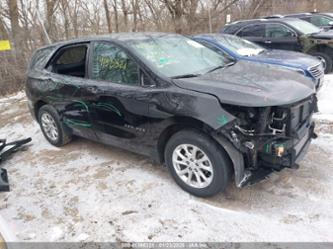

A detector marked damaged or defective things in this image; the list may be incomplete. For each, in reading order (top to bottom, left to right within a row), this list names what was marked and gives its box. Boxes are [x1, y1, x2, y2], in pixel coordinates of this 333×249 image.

damaged black suv [26, 32, 316, 196]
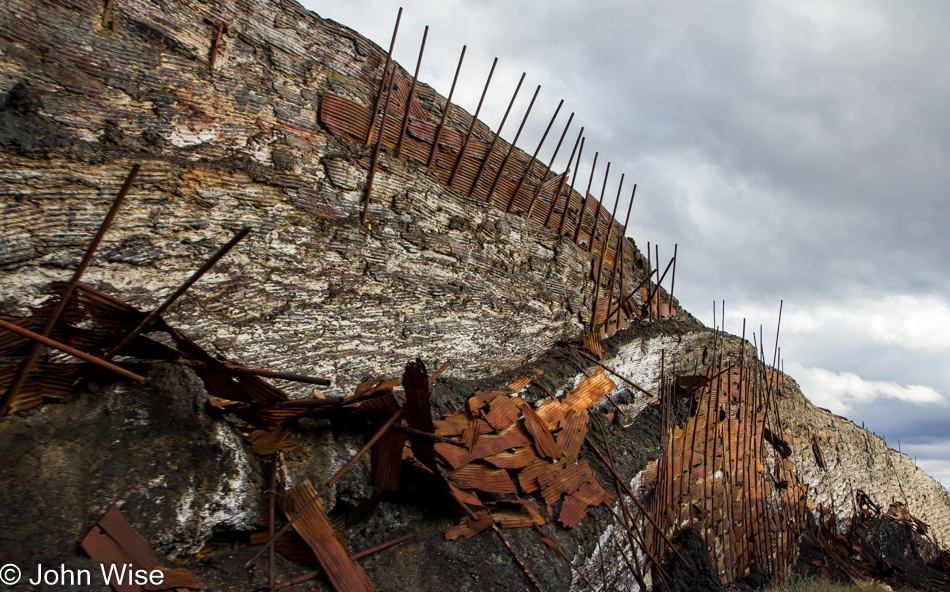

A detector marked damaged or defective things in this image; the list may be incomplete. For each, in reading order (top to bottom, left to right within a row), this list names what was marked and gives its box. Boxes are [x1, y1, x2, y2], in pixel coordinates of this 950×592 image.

oxidized steel rod [360, 62, 398, 224]
oxidized steel rod [364, 8, 402, 145]
oxidized steel rod [394, 26, 432, 157]
oxidized steel rod [430, 44, 466, 166]
oxidized steel rod [450, 57, 502, 187]
oxidized steel rod [470, 71, 528, 197]
oxidized steel rod [488, 83, 540, 207]
oxidized steel rod [512, 99, 564, 213]
oxidized steel rod [544, 115, 580, 224]
oxidized steel rod [556, 133, 584, 235]
oxidized steel rod [572, 153, 596, 247]
oxidized steel rod [0, 165, 140, 416]
oxidized steel rod [0, 320, 145, 384]
oxidized steel rod [104, 227, 253, 360]
oxidized steel rod [244, 404, 404, 568]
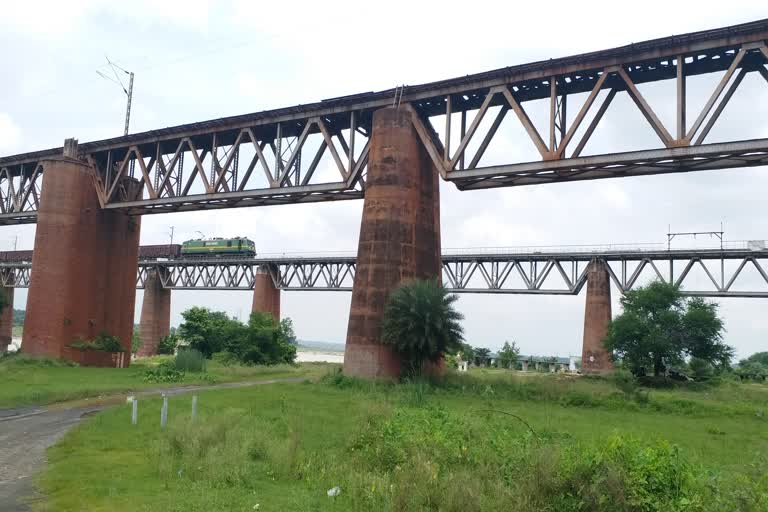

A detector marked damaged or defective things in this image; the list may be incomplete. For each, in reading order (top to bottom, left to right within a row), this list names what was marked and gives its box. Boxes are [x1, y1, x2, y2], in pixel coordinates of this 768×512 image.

rusty steel truss [1, 20, 768, 224]
rusty steel truss [1, 247, 768, 296]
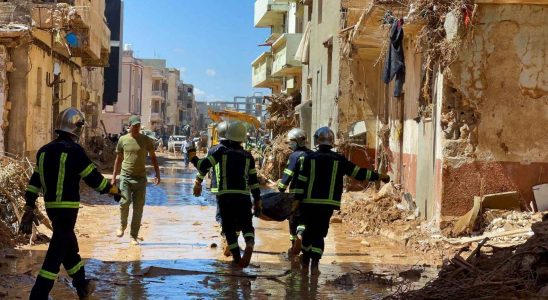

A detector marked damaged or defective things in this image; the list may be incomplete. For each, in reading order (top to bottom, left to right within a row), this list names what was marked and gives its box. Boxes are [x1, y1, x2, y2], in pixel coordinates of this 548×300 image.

damaged concrete wall [440, 4, 548, 216]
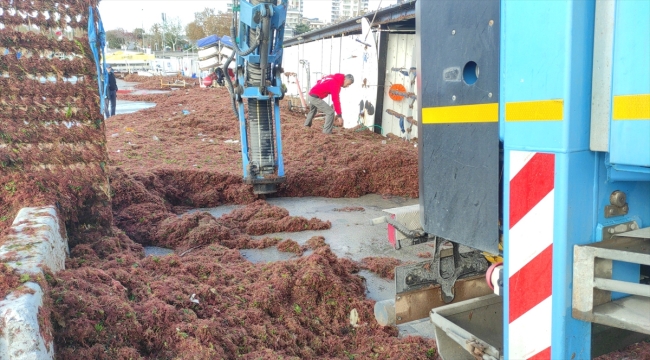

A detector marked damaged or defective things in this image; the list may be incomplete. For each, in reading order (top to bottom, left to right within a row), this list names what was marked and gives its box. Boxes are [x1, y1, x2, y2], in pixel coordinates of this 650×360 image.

rusty metal plate [390, 274, 492, 324]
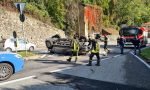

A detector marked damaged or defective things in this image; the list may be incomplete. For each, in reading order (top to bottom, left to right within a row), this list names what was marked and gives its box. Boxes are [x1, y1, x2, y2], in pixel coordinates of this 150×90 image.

overturned vehicle [44, 34, 89, 54]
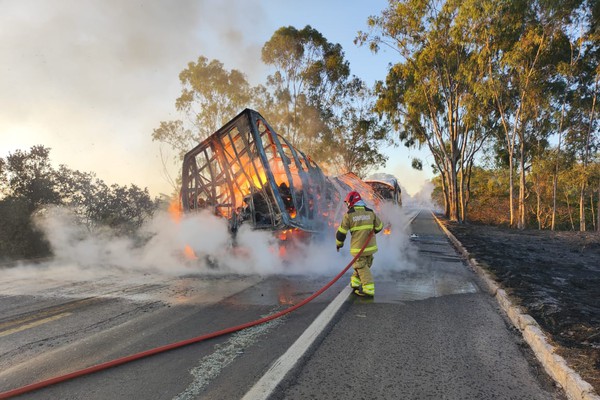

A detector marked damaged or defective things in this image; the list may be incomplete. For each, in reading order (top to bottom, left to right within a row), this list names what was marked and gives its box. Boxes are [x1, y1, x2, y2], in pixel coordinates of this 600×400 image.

charred truck frame [183, 108, 398, 236]
charred roadside ground [436, 217, 600, 392]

■ **What is needed**
Once the line containing "this 150×90 image." is found, write it out exactly along with every line after it through the end of the listing, excluding pictures.

■ **Result of the exercise**
A detector marked damaged or defective things in this image; the list may be incomplete. For each, in reading order (top to bottom, left to right within a row), this list names what was marked and gives its box. Boxes are [x1, y1, x2, y2], in pixel coordinates of this 150×90 image.

overturned vehicle [44, 34, 89, 54]

A detector marked damaged or defective things in this image; the list may be incomplete. For each, in reading order (top to bottom, left to right within a row), this list names what was marked and gives its box. Boxes are [x1, y1, x2, y2], in pixel coordinates of this 600×400 image.

charred truck frame [183, 108, 398, 236]
charred roadside ground [436, 217, 600, 392]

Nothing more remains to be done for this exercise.